[libre-riscv-dev] GPU design

Wed Dec 5 11:59:38 GMT 2018

On Wed, Dec 5, 2018 at 9:52 AM Jacob Lifshay <programmerjake at gmail.com> wrote:

> It might actually make the compiler simpler since we wouldn't have as many
> different kinds of register to allocate. I don't think you'll have any
> context thrashing, unless you have too many processes, which would thrash
> on any processor anyway.
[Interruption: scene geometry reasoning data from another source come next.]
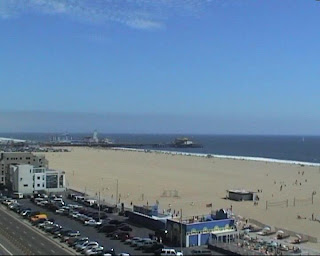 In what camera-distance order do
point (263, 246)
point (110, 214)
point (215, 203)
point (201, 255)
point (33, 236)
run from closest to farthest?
point (201, 255) → point (263, 246) → point (33, 236) → point (110, 214) → point (215, 203)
Other than the standard int and fp registers, the
> rest could be all caller saved registers, most the actual code that needs
> the upper registers will be calling other code in the same shader, which we
> can optimize by using a different calling convention in the jit-compiled
> code.

 it's making me nervous, as it's a huge change to SV.  it's not
something that can be transparent, it needs to be part of the SV
specification.

 honestly i'd far rather we implemented a processor that had 128 FP
regs and only 64 INT, rather than have (or allow) overlaps, especially
dynamically.

 jacob bachmeyer already alerted me to the god-awful mess that was
intel SSE: the compiler hell (including bugs) that resulted from SIMD
overloading of the FP register file actually had to be "recovered"
from by... providing a totally new replacement for SSE.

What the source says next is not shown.